Chaos engineering: continuously inject failures in staging. Randomly kill instances, inject latency, saturate resources. Measure how gracefully the system degrades. Prevents brittle systems that work until they catastrophically fail.

Learning Objectives

  • Design realistic gameday scenarios matching production risks
  • Run gamedays with clear scope and communication
  • Implement continuous chaos testing in staging
  • Measure system resilience objectively
  • Convert gameday findings into concrete improvements
  • Build team confidence in incident response

Motivating Scenario

Your payment platform processes 50,000 transactions per hour. Your database is a single leader with read replicas. You assume the system "handles database failover" based on configuration review.

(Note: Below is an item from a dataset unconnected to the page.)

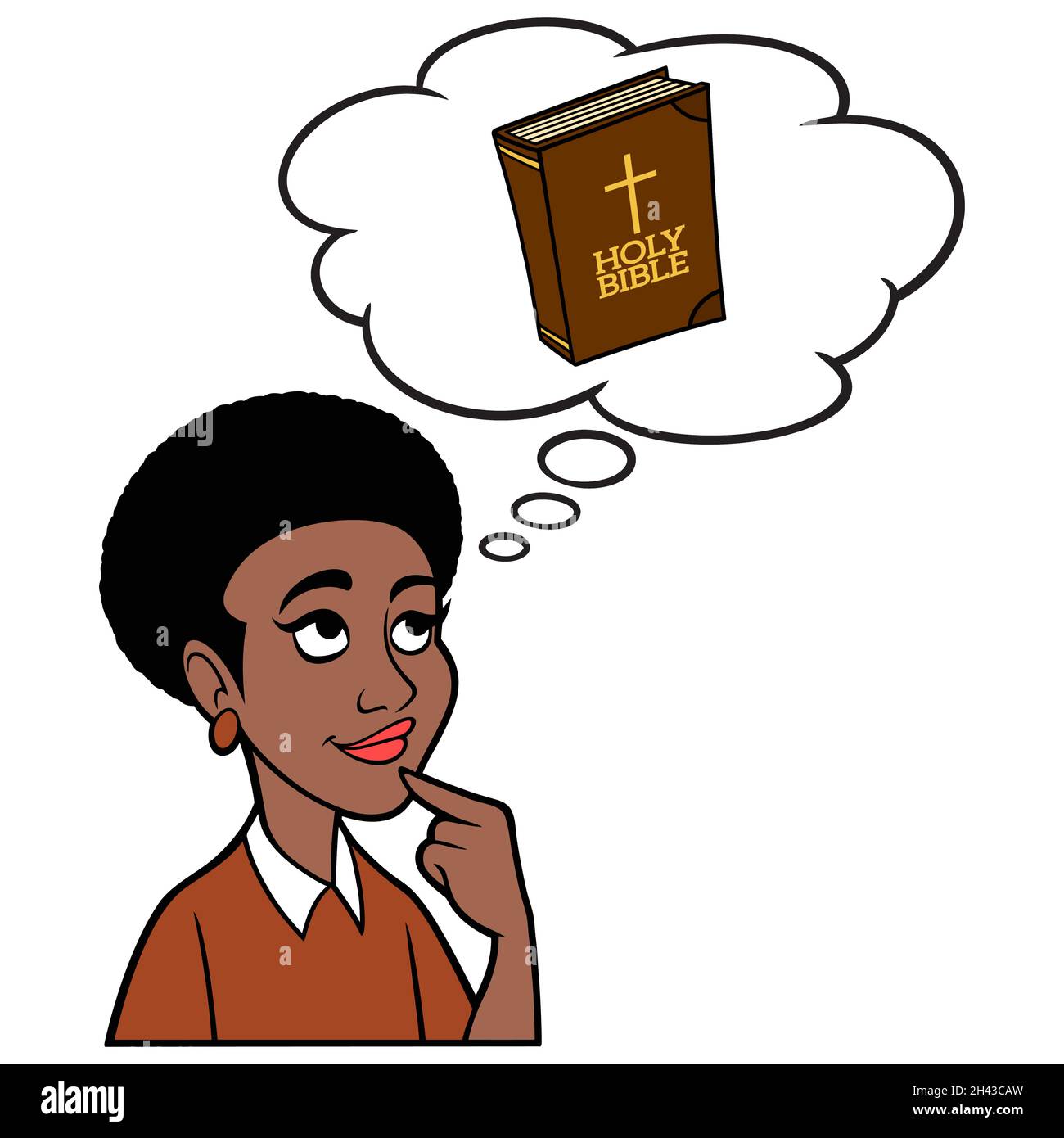 Donna che pensa a un versetto della Bibbia - un'illustrazione di un fumetto di una donna che pensa a un versetto della Bibbia. Illustrazione Vettoriale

One Tuesday, the leader dies. Your read replicas don't automatically promote. For 18 minutes, all transactions fail. 15,000 users lose access. Your incident report concludes: "We thought failover was automatic. It wasn't configured."

A gameday would have revealed this immediately. Day 1: "Kill the database leader." Day 2: Discover misconfiguration. Day 3: Fix it. All before production.

With chaos engineering running continuously, this configuration drift would have been caught in the next scheduled chaos test.

Core Concepts

Gameday Framework

flowchart TB Plan["Plan Gameday<br/>Scope & Scenario"] --> Pre["Pre-Gameday<br/>Notifications & Setup"] Pre --> Execute["Execute Failures<br/>Inject Problem"] Execute --> Observe["Observe System<br/>Behavior"] Observe --> Respond["Team Responds<br/>Using Runbooks"] Respond --> Measure["Measure Response<br/>Collect Data"] Measure --> Recover["Recover System<br/>Validate Fix"] Recover --> Debrief["Debrief & Document<br/>Lessons Learned"] Debrief --> Tickets["Create Tickets<br/>to Fix Issues"]

Gameday Scenarios by Severity

Tier 1: Single Component (1 hour)

  • Kill one database replica
  • Stop one worker queue
  • Disconnect one microservice
  • Turn off one region

Tier 2: Infrastructure Failure (2-3 hours)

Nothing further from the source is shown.